DATA FOR THIS TASK -
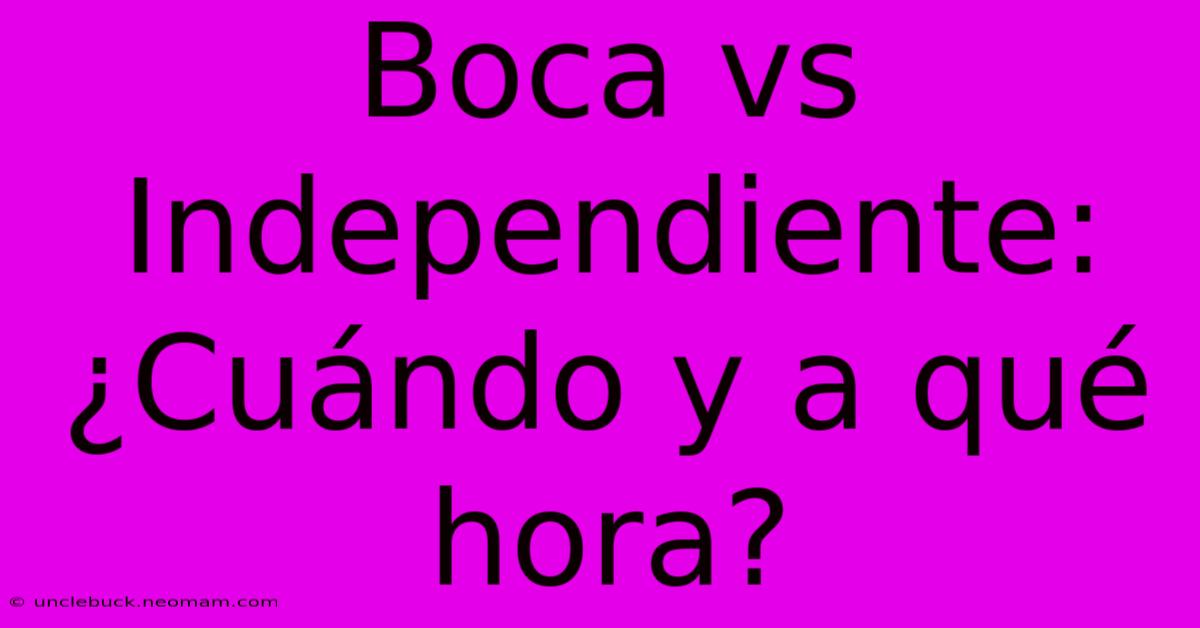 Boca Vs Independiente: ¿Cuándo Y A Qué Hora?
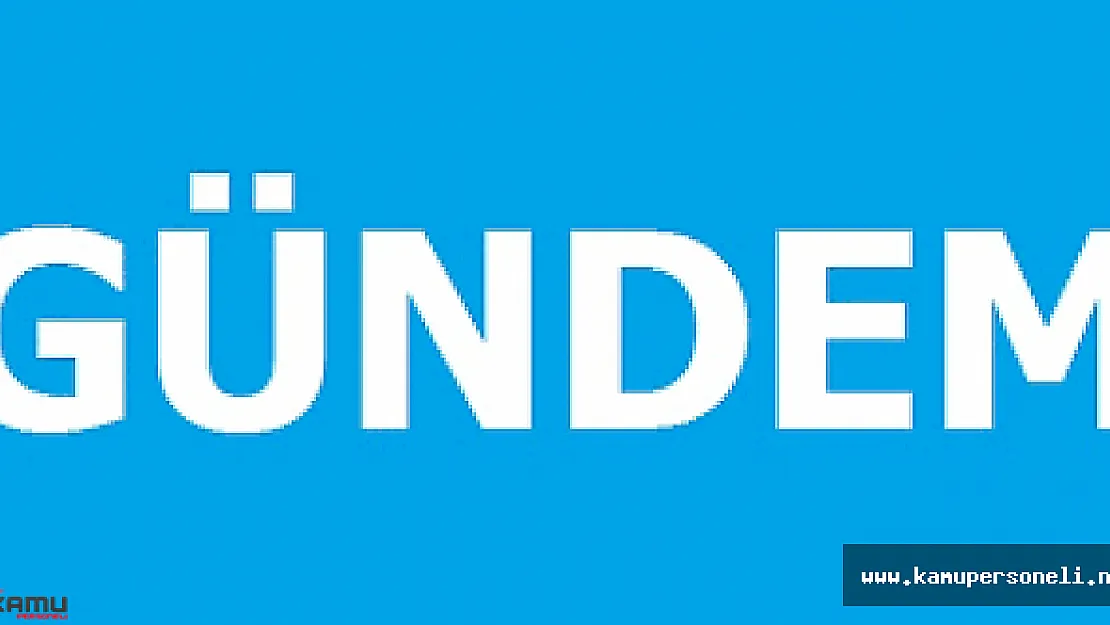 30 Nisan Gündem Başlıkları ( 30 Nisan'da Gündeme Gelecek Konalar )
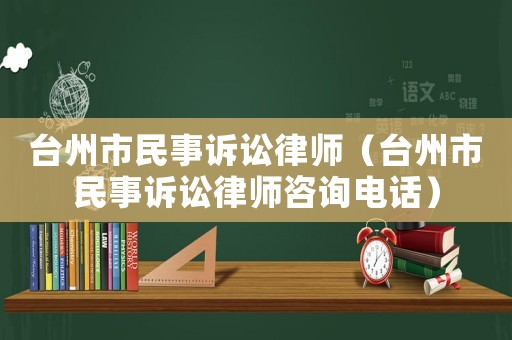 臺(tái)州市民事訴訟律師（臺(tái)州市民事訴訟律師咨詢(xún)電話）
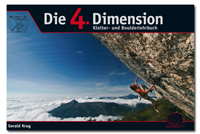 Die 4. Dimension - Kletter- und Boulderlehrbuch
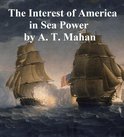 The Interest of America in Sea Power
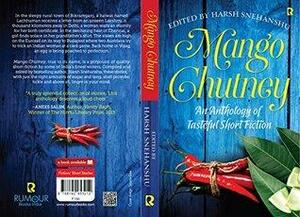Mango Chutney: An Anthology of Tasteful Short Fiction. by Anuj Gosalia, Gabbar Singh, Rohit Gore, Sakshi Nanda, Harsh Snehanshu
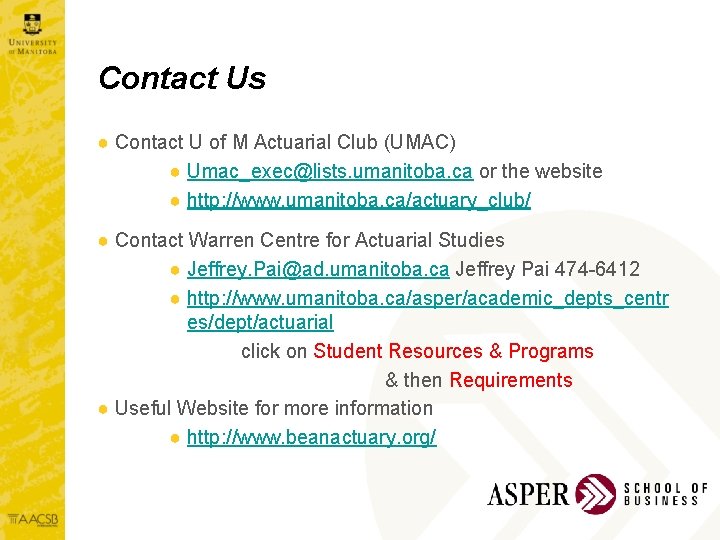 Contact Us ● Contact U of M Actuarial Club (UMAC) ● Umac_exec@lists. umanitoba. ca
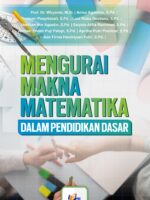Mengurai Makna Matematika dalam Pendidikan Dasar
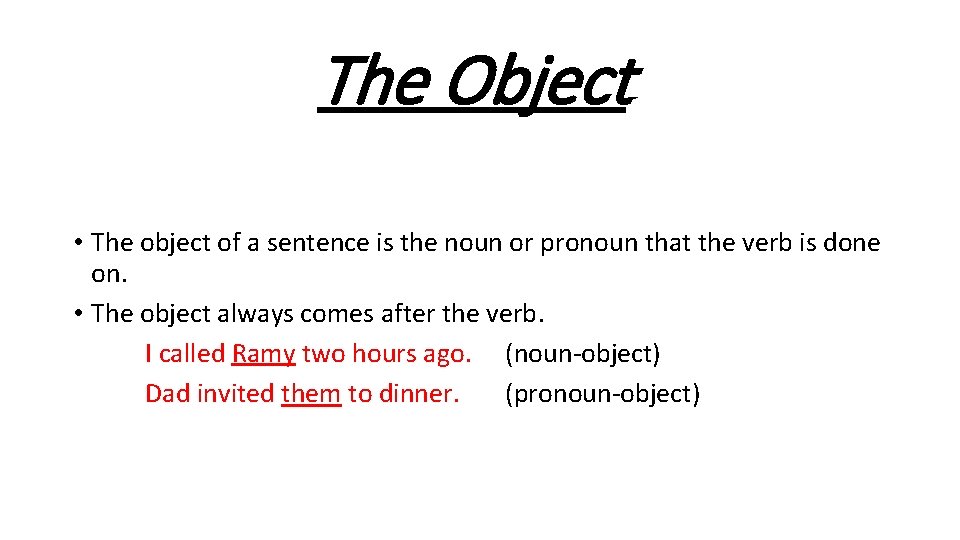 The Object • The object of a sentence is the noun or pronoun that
...
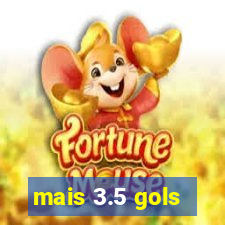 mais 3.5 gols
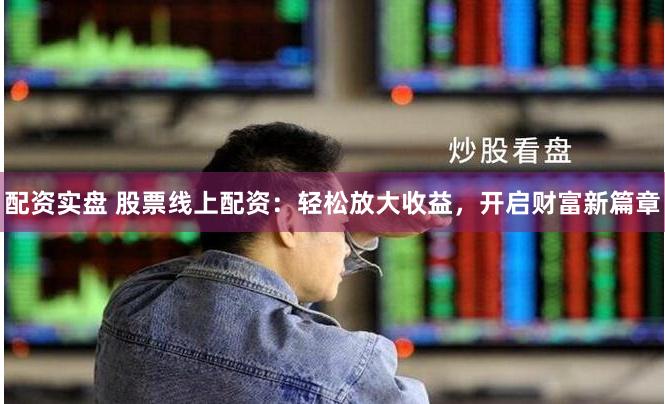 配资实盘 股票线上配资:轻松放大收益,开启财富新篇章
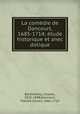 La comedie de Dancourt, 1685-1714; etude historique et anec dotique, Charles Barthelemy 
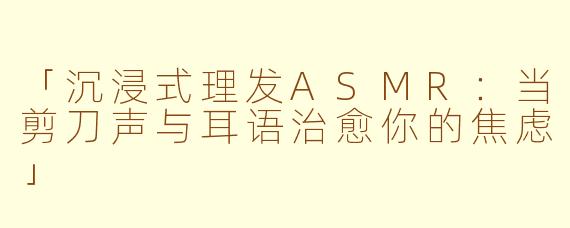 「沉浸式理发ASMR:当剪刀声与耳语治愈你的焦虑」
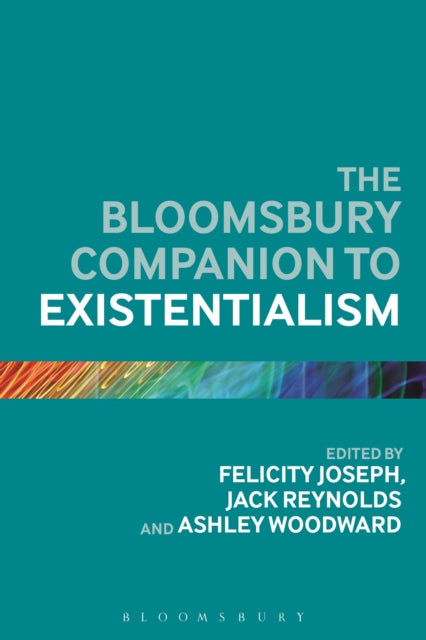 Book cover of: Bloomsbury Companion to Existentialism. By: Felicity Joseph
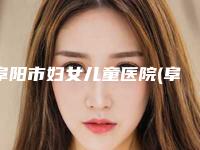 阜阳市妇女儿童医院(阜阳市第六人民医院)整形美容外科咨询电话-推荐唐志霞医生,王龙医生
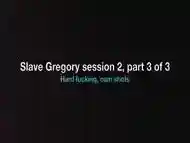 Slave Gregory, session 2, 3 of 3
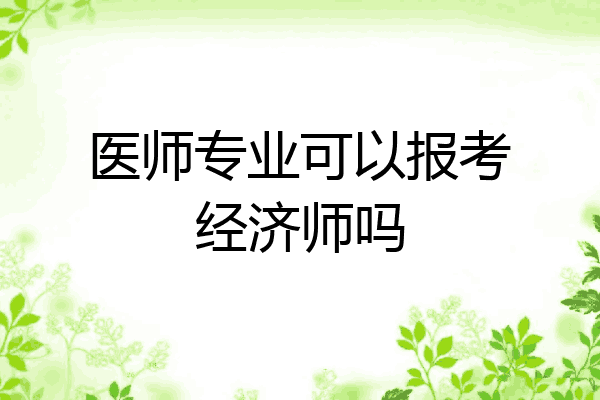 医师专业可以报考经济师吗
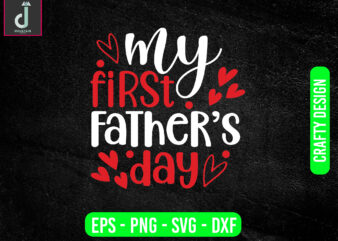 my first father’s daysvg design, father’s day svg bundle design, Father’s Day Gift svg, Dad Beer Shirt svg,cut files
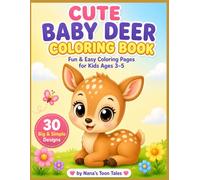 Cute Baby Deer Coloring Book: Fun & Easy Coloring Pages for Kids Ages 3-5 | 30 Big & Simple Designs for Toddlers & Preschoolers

BRIEF - In the entries above, find the line with "La comedie de" and the line with "Cute Baby Deer". Return exactly those lines and all the ones between them, pictures excluded.

RESULT OF THIS EXERCISE -
 La comedie de Dancourt, 1685-1714; etude historique et anec dotique, Charles Barthelemy 
 「沉浸式理发ASMR:当剪刀声与耳语治愈你的焦虑」
 Book cover of: Bloomsbury Companion to Existentialism. By: Felicity Joseph
 阜阳市妇女儿童医院(阜阳市第六人民医院)整形美容外科咨询电话-推荐唐志霞医生,王龙医生
 Slave Gregory, session 2, 3 of 3
 医师专业可以报考经济师吗
 my first father’s daysvg design, father’s day svg bundle design, Father’s Day Gift svg, Dad Beer Shirt svg,cut files
 Cute Baby Deer Coloring Book: Fun & Easy Coloring Pages for Kids Ages 3-5 | 30 Big & Simple Designs for Toddlers & Preschoolers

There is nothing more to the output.